Butler parses the Strasberg-Adler feud in detail, helpfully retreading their philosophical differences over and over again. It’s a fascinating study in how intellectual movements splinter. But more importantly, it shows that, from the audience’s perspective, the differences between the various submethods are irrelevant. What matters is the broad emphasis on the type of “authentic” performance that enabled actors to carry the realistic plays and films that would come to define America in the 20th century.

It’s now impossible to think of the Method without thinking of Marlon Brando, who was propelled into superstardom by his turn as Stanley Kowalski in Tennessee Williams’s A Streetcar Named Desire. Williams, an Actors Studio alumnus, gave Method actors ample opportunity to channel “authenticity” with his raw, morally ambiguous script. Both the play and its film adaptation were directed by Elia Kazan, a Group Theatre alumnus and Actors Studio co-founder. The publicity surrounding Streetcar entrenched the Method in the popular consciousness. And, in Butler’s telling, the Method displaced the Old Hollywood consensus with the 1972 premier of The Godfather. “To buy a ticket to The Godfather,” he writes, “meant that you would see … Marlon Brando’s passing of the Method torch to a new generation.” The film’s leads were all Method actors, most notably Al Pacino, Strasberg’s favorite student. By the time Adler’s pupil Robert DeNiro played a young Don Corleone in The Godfather: Part II, the Method had joined the ranks of what Butler calls “the Big Ideas of the twentieth century.”

Like many of these Big Ideas, the Method’s success made it a bigger target for critics. This likely inevitable process was accelerated by two factors. The first was Hollywood studios’ decisions to build marketing campaigns around Method acting. The second, related point was the growing number of actors whose antics were ascribed to the Method, though they were anything but. This is one of the most interesting parts of the book — and certainly the one with the most contemporary relevance. Unfortunately, Butler speeds through this section, leaving more questions than answers. He makes it clear, for instance, that Dustin Hoffman’s notorious antics while remaining in character on set, including slapping Meryl Streep to provoke real tears or going on a bender to appear disheveled, is not even close to Method acting, properly understood.

But Butler does not explain why so many extreme behaviors became associated with the Method, nor how they became so popular among a new generation of American movie stars.
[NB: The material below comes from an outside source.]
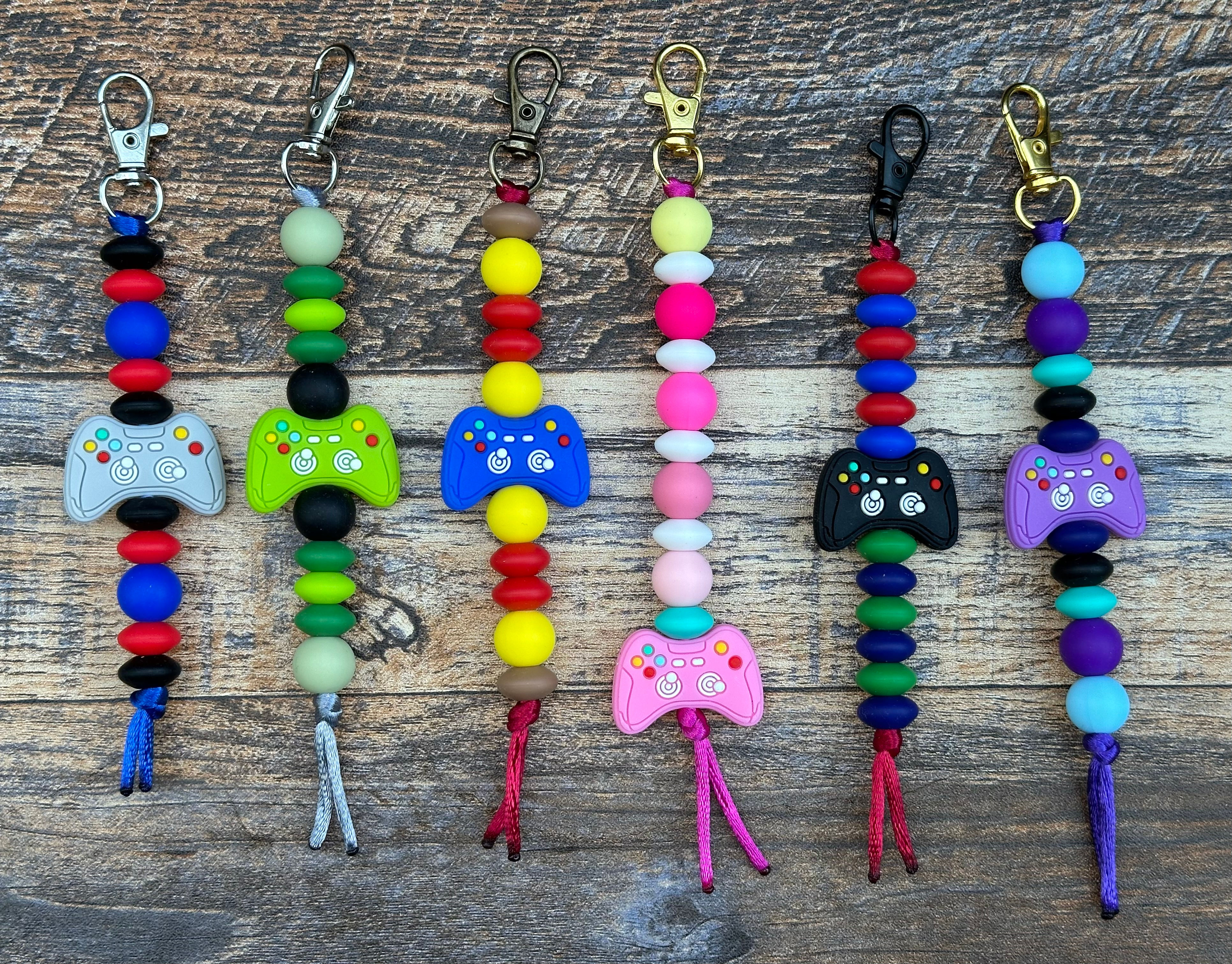 Video Game Controller Fidget Keychain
It’s likely bound up in Hollywood marketing departments’ Method-centric campaigns, but Butler leaves it open for speculation. It’s a disappointing unspecificity in a book whose only other weakness is a tendency to overexplain.
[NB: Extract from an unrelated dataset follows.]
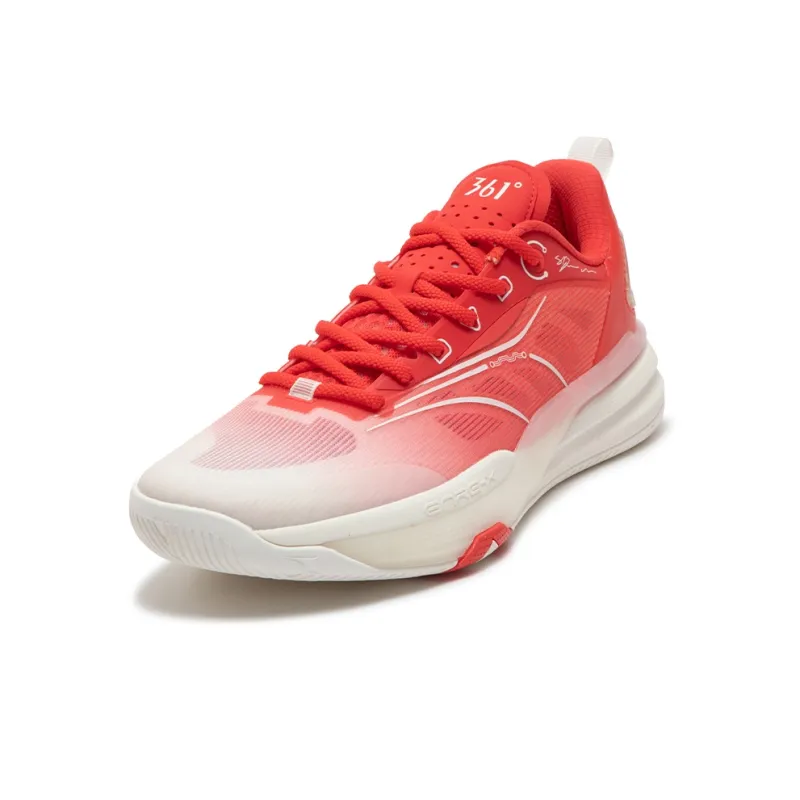 361° DVD 1.5 China Love Cushioning Anti-Slip Wear-Resistant Breathability Low-Top Basketball Shoes Men's White Red-1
In a way, the Method has come full circle since Stanislavski first cooked it up at a Moscow cafe. Then, as now, it was a niche and misunderstood theory practiced by a handful of dedicated actors and roundly mocked by the mainstream. But along the way, the Method rewired American acting. Like socialist activists who get rich criticizing capitalism, the majority of people who mock the Method today do so using ideas and vocabulary inherited from Strasberg and Adler.

Tim Rice is associate editor of the Washington Free Beacon.